How to complete this task | Your answer must consist of every line from the data below that includes the word "mountains".

(Items from a dataset)
-------
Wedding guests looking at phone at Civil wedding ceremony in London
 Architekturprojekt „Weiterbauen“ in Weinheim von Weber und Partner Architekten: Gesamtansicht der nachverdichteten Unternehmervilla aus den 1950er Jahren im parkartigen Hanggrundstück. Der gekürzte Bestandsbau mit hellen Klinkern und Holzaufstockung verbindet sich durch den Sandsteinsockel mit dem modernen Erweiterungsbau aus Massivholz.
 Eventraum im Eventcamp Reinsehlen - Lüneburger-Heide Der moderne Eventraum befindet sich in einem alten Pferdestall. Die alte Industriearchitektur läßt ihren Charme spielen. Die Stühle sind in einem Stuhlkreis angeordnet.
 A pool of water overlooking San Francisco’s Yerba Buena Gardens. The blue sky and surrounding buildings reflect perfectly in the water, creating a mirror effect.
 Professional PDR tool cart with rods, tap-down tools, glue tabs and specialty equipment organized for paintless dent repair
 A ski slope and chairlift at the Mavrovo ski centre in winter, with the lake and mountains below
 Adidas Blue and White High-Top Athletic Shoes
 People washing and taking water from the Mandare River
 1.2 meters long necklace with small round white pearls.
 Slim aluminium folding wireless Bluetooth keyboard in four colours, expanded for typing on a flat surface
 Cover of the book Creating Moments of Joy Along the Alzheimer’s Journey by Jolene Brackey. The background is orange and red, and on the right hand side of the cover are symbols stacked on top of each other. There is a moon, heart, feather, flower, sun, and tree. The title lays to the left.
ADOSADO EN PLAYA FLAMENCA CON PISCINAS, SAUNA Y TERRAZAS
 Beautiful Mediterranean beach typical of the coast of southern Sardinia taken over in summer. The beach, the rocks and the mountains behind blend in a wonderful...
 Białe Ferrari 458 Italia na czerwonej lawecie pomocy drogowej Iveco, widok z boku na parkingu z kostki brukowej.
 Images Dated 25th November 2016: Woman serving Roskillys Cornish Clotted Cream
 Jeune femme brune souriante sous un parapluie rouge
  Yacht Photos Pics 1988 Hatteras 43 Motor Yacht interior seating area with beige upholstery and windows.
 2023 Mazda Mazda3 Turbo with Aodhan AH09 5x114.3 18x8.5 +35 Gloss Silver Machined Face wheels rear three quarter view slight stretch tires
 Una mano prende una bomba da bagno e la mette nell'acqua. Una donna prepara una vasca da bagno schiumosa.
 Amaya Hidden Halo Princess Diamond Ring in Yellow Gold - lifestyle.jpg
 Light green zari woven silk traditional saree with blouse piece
-------
Solution to this task |
 A ski slope and chairlift at the Mavrovo ski centre in winter, with the lake and mountains below
 Beautiful Mediterranean beach typical of the coast of southern Sardinia taken over in summer. The beach, the rocks and the mountains behind blend in a wonderful...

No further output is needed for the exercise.